- _EXERCISE INSTRUCTIONS_
Omit the pictures and extract only the lines from the line containing "Renault Captur 90pk" to the end of the material, each exactly as written.

- _SOURCE RECORDS_
------------------------------------------------

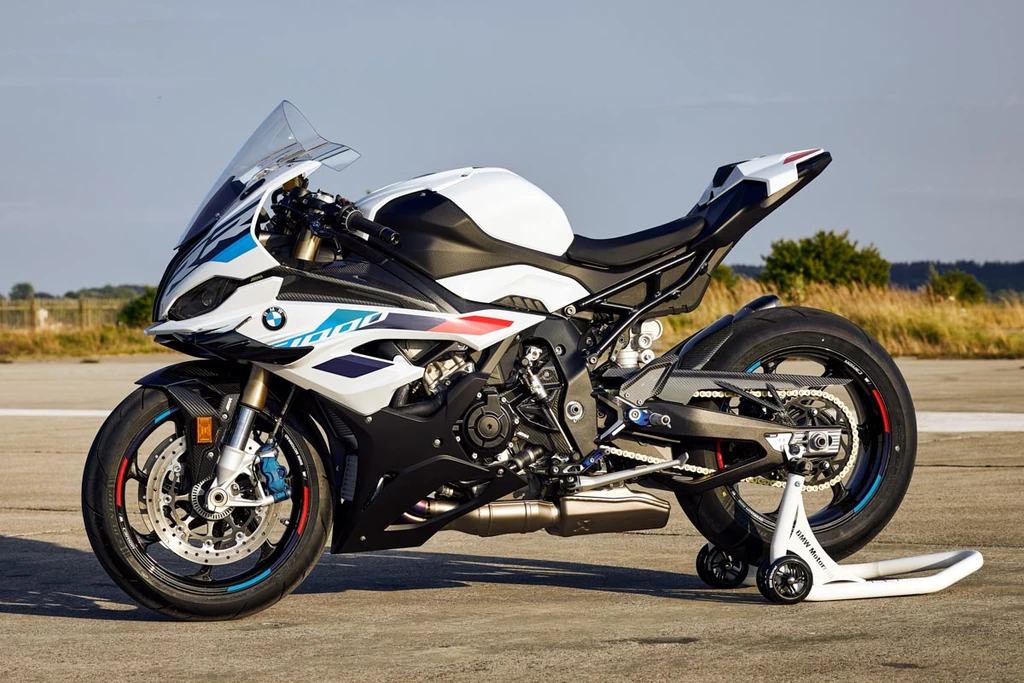 2023-bmw-s1000rr-2-throttlecraze.com-throttlecraze.com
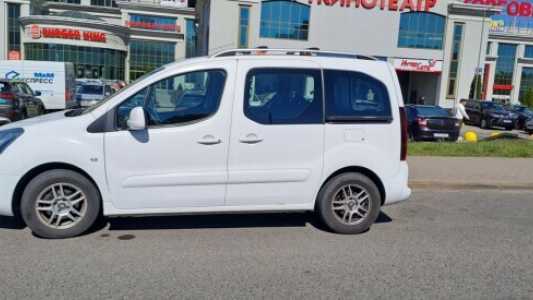Peugeot Partner II 2-й рестайлинг, 2015, пробег 116000 км Peugeot Partner II 2-й рестайлинг, 2015, пробег 116000 км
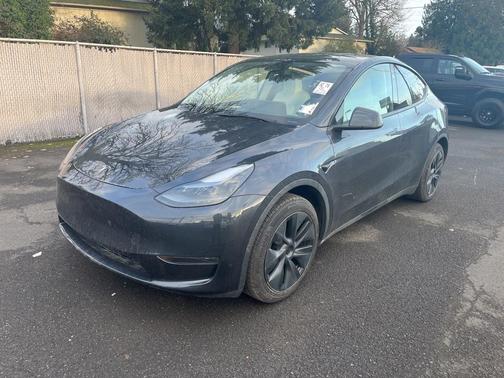 2025 Tesla Model Y Long Range Single Motor Rear-Wheel Drive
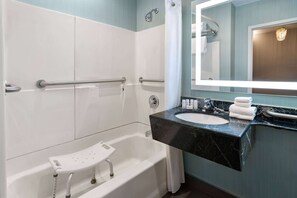 Room, 1 King Bed, Accessible, Non Smoking (Mobility) | Bathroom | Free toiletries, hair dryer, towels - Ramada by Wyndham Bronx (Bronx)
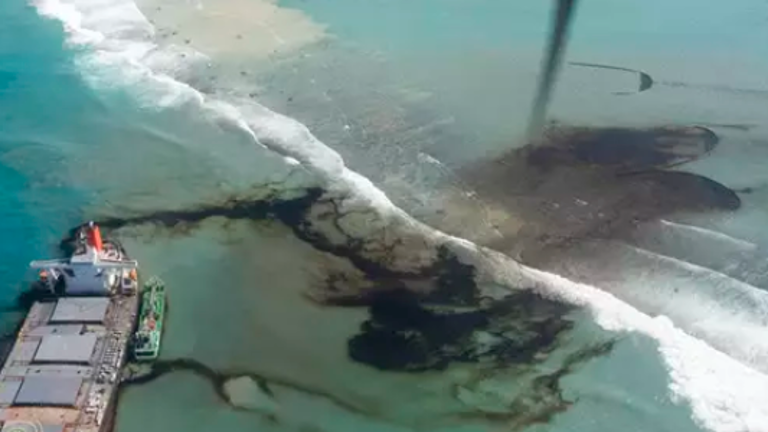 Las malas condiciones meteorológicas retrasan las labores de remolque del carguero encallado en Mauricio Las malas condiciones meteorológicas retrasan las labores de remolque del carguero encallado en Mauricio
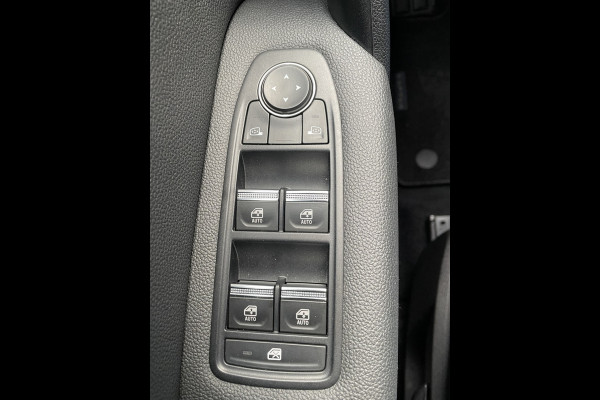 Renault Captur 90pk Intens (Trekhaak - Camera - Parkeersensoren V+A - Automatische Airco - LED - Keyless Entry - Navigatie)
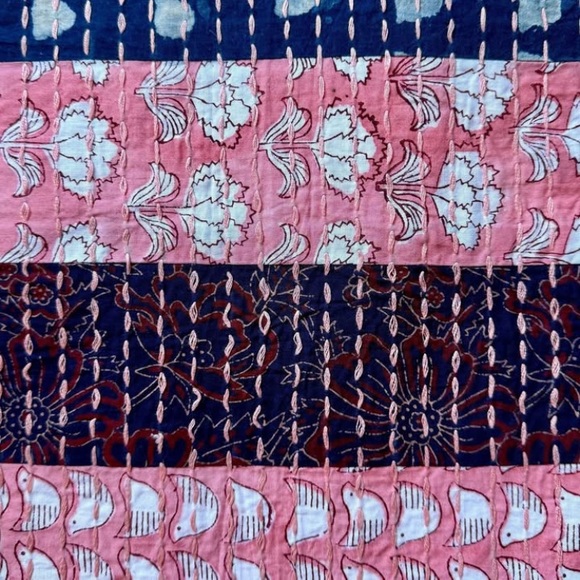 Beautiful BOHO HANDCRAFTED Floral Pink and Blue Tote Bag NWT - Picture 7 of 10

------------------------------------------------

- _WRITTEN REPLY_
 Renault Captur 90pk Intens (Trekhaak - Camera - Parkeersensoren V+A - Automatische Airco - LED - Keyless Entry - Navigatie)
 Beautiful BOHO HANDCRAFTED Floral Pink and Blue Tote Bag NWT - Picture 7 of 10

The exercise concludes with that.